───── The records

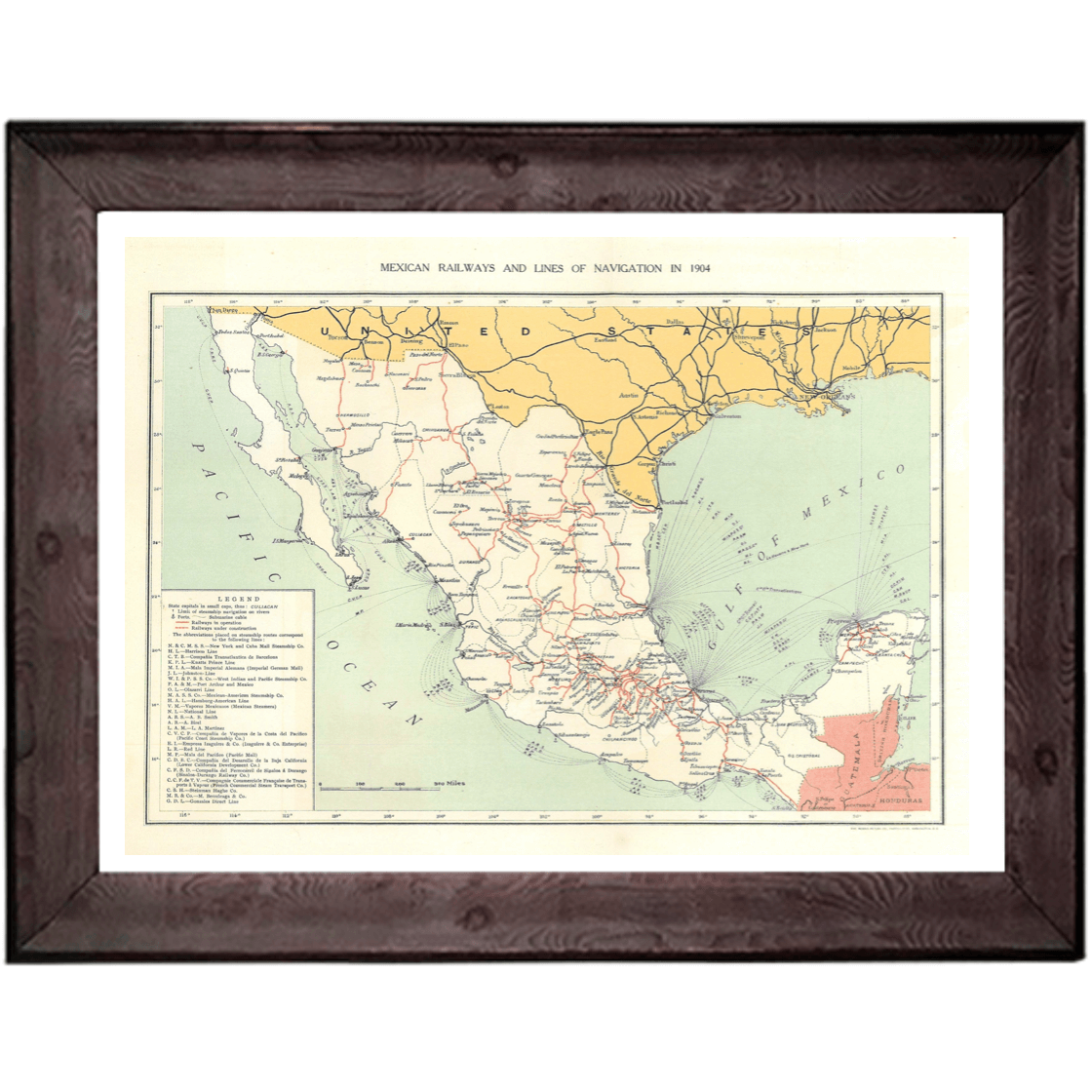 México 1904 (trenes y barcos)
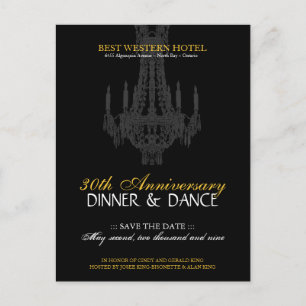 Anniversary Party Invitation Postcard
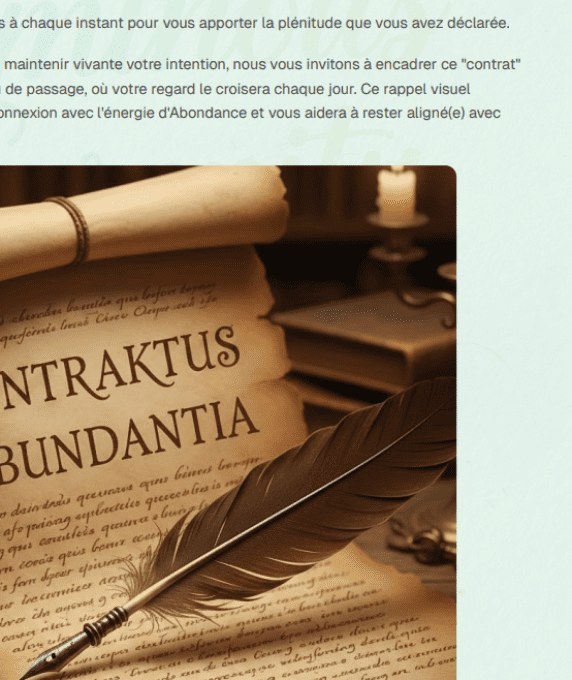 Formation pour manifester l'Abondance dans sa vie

──────────
───── The records

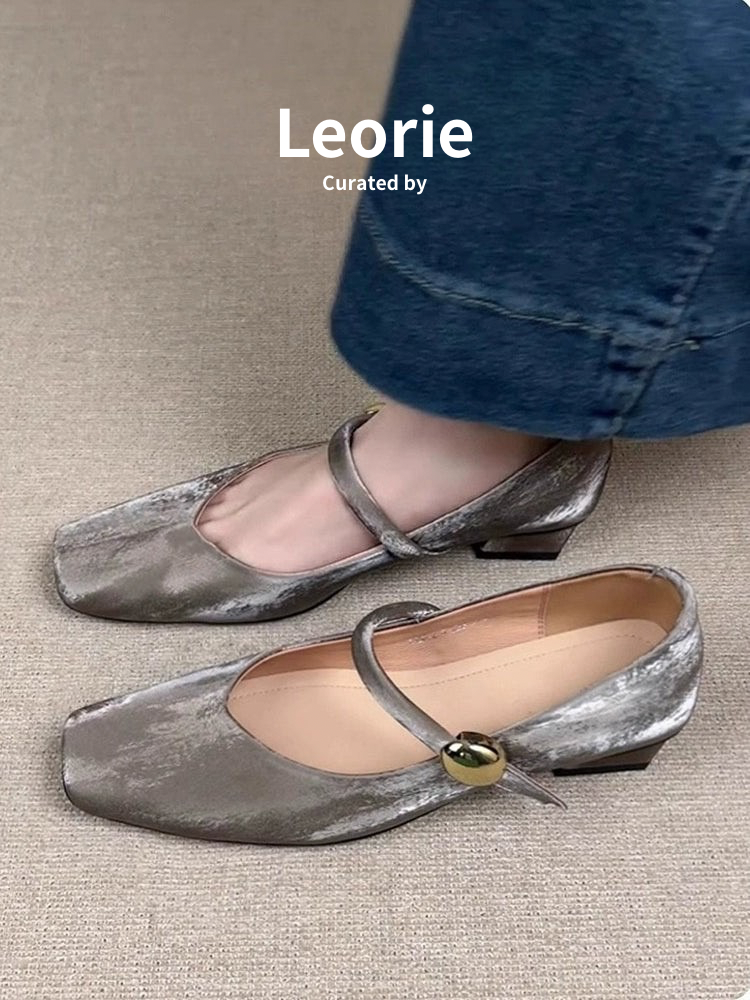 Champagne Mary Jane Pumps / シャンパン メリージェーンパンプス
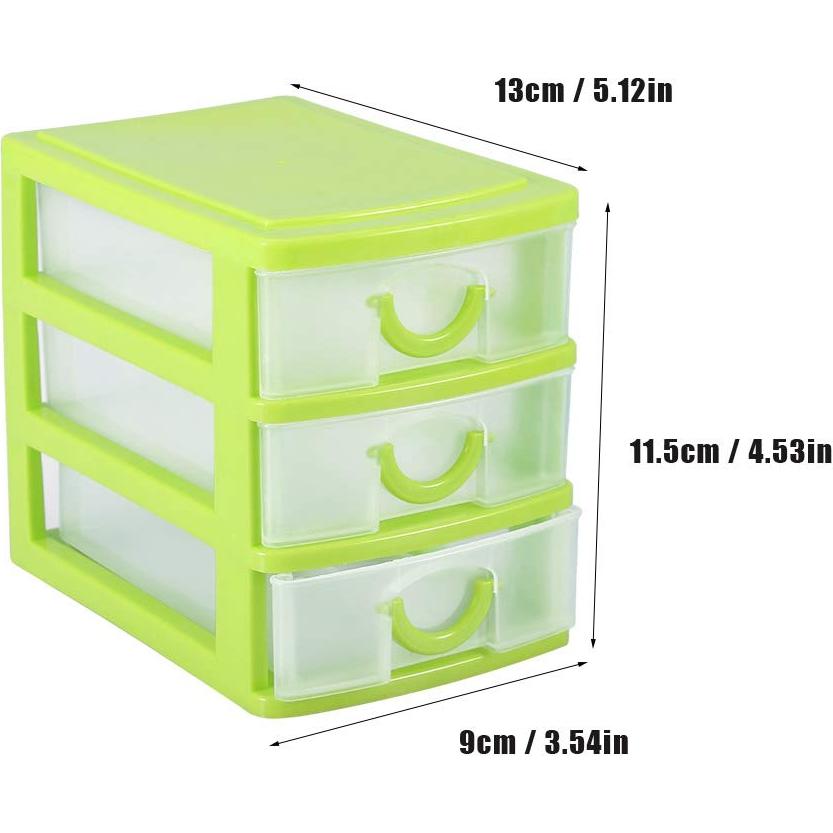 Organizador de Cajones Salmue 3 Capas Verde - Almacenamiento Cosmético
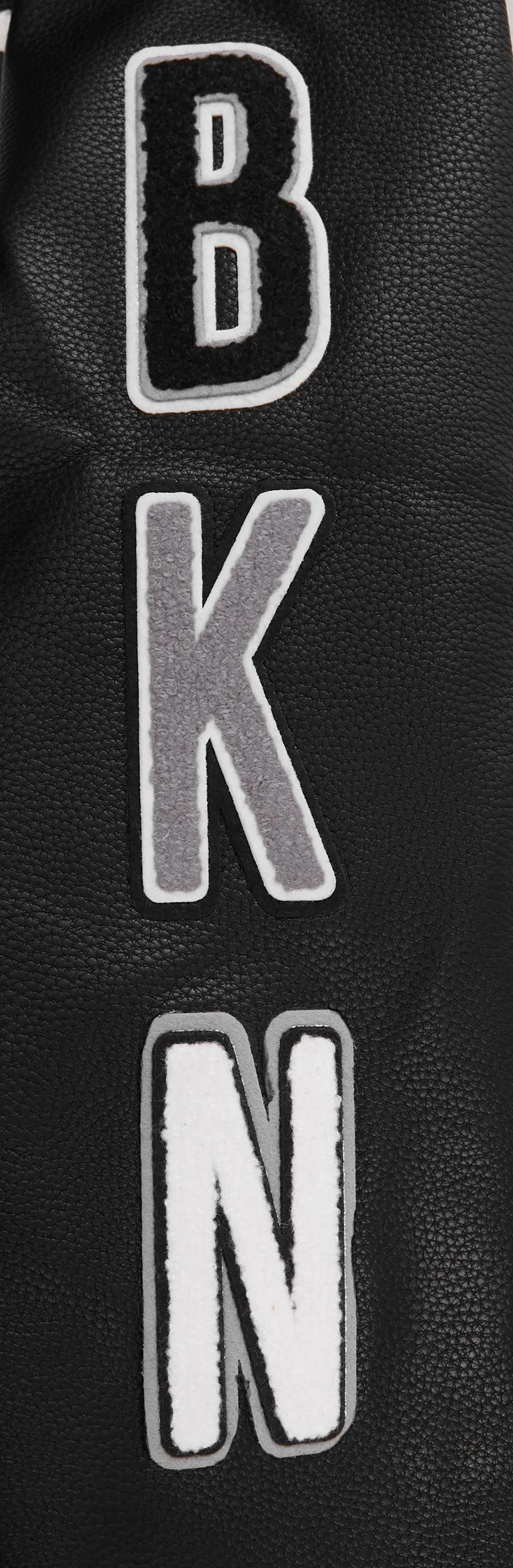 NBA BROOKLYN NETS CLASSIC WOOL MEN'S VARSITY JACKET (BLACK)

──────────

Exercise:
An exact transcription is needed of the lines from the one with "Anniversary Party Invitation Postcard" to the one with "Formation pour manifester" above, both ends included, with pictures left out.

Solution to the exercise:
 Anniversary Party Invitation Postcard
 Formation pour manifester l'Abondance dans sa vie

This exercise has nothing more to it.